Materials required for this jig should all be readily available by digging through your trash / scrap bin. 

You will NOT need any 't-track' or special clamps. :no:

That money can be saved and spent on dog food or beer (or both). 





The piece of plywood that makes up the base of this jig is about 16" x 36" x 11/16" (or so) and this is its third set of legs in this 'size' that it has got to do so far. 

I should have no issues getting another 3 or 4 sets of 'angles' out of it before needing to ditch it and cut a new piece of scrap to size... :thumbsup:







I start with something like this: (pay attention to the lines as those are fairly important and very helpful in setting up the jig properly - You want to draw these lines on your work pieces as well until you have this concept completely figured out)










Once I got the initial angle set on my jig for the legs - I went ahead and cut the flutes first. (In my case the flutes show me where to STOP with the planer so I want to do that first)

The flutes are similar to the tapers in that I cut them on all 4 legs at the same time.










Cut all 4 and rotate, Cut all 4 again and rotate.
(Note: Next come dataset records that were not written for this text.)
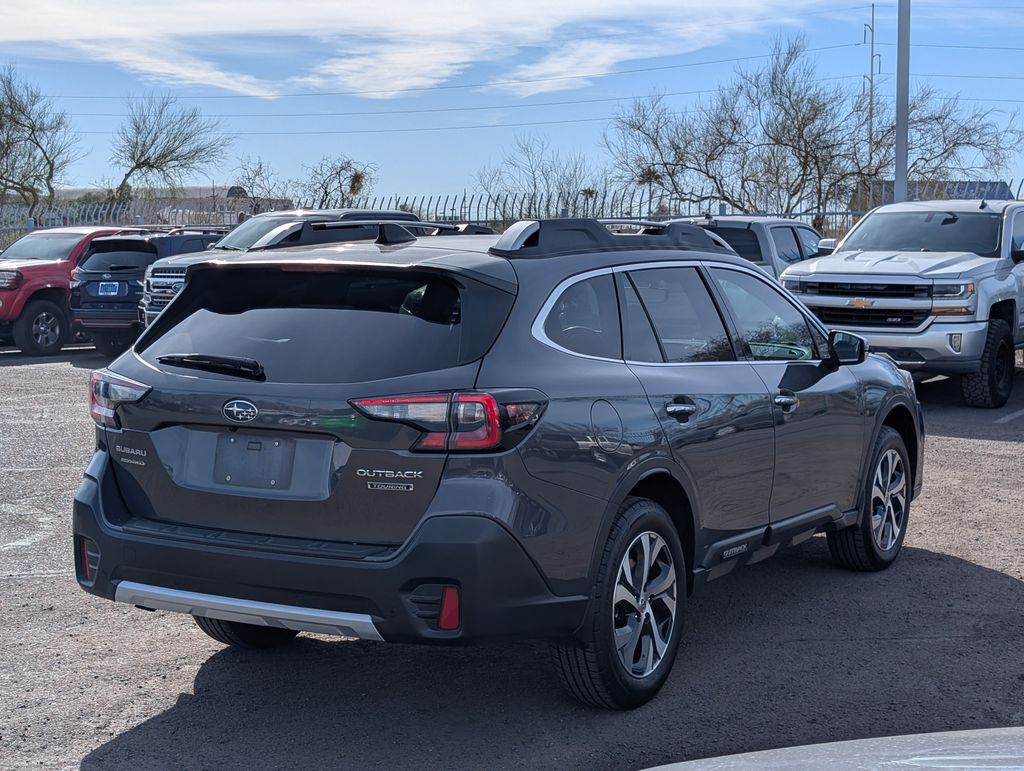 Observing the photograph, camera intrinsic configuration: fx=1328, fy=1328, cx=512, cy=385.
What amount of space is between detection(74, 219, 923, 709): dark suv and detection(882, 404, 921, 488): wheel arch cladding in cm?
207

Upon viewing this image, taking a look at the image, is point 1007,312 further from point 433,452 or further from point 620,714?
point 433,452

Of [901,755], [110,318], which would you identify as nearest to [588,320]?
[901,755]

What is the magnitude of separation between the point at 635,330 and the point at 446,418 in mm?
1188

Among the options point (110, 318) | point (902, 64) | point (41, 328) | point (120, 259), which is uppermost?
point (902, 64)

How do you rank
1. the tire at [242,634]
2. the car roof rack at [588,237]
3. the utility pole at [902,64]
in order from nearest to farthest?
the car roof rack at [588,237] < the tire at [242,634] < the utility pole at [902,64]

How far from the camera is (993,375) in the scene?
13.3m

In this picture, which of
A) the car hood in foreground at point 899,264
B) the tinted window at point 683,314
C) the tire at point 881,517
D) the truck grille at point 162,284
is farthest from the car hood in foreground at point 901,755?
the truck grille at point 162,284

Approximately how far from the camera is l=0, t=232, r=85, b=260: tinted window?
1970 centimetres

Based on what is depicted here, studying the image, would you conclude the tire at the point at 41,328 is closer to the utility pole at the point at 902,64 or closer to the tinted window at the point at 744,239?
the tinted window at the point at 744,239

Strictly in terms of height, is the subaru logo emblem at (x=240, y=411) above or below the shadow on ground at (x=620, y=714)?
above

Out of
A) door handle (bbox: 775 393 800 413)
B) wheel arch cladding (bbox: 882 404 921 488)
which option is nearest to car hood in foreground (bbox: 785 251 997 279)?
wheel arch cladding (bbox: 882 404 921 488)

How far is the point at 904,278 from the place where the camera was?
13.0 m

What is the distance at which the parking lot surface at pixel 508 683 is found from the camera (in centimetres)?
455

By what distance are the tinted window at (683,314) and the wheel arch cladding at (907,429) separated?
1.97 m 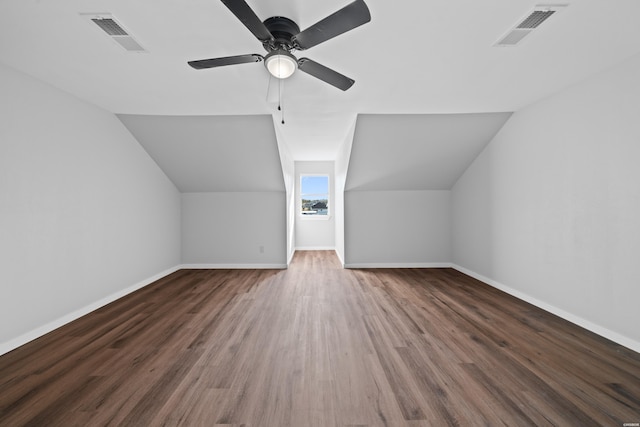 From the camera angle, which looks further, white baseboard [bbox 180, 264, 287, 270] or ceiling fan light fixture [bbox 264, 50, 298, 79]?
white baseboard [bbox 180, 264, 287, 270]

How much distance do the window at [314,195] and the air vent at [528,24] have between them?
5.61 meters

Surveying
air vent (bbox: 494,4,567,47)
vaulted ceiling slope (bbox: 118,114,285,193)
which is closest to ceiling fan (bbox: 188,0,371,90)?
air vent (bbox: 494,4,567,47)

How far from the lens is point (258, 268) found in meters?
5.40

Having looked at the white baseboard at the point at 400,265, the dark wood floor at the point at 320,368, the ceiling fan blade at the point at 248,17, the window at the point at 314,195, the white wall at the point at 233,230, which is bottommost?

Simple...










Once that was done I loaded all 4 legs up in the planer jig and cut down to my lines.










Once you hit your lines make a note of your planer thickness setting - Rotate material 1/4 turn - Back off however much you 'need' on the planer and slowly work back to the setting you made a 'note' of... Those two sides of all 4 legs are GOING to be the same taper so long as you stop at the same setting on your planer. If you drew the lines on your work pieces you will see this very clearly...










If you draw lines where you need them and half way understand how a planer works (it cuts from the TOP down and wants to make things 'flat') then this really is not a difficult thing to do. 

I spent right about 2 hours tonight on this stuff to do my flutes, set and adjust my taper jig (Twice) and cut all my tapers. 

Guessing that at least 30 minutes out of that was spent playing with the girls. :smile:













This is a closer look at my 'out of the planer' results that I have to sand now:










:huh:


A little closer look:










:huh:




I did stick fresh blades on the machine today as it badly 'needed' them but I made NO special adjustments to any angles to get this surface finish on the wood. These blades got the factory angle done on them (with the exception of the hollow grind) at the fastest grit possible with a Tormek. ('just off the truing tool' grit) No polishing and no very fine grits used...


----------



## hwebb99 (Nov 27, 2012)

If you only had a bench top planer to work with would it be easier to use a table saw?


----------



## TrevortdogR (Feb 1, 2013)

This is would have been a great way for large legs of my frame & panel hutch. Thanks for posting this and something to remember in the future.


----------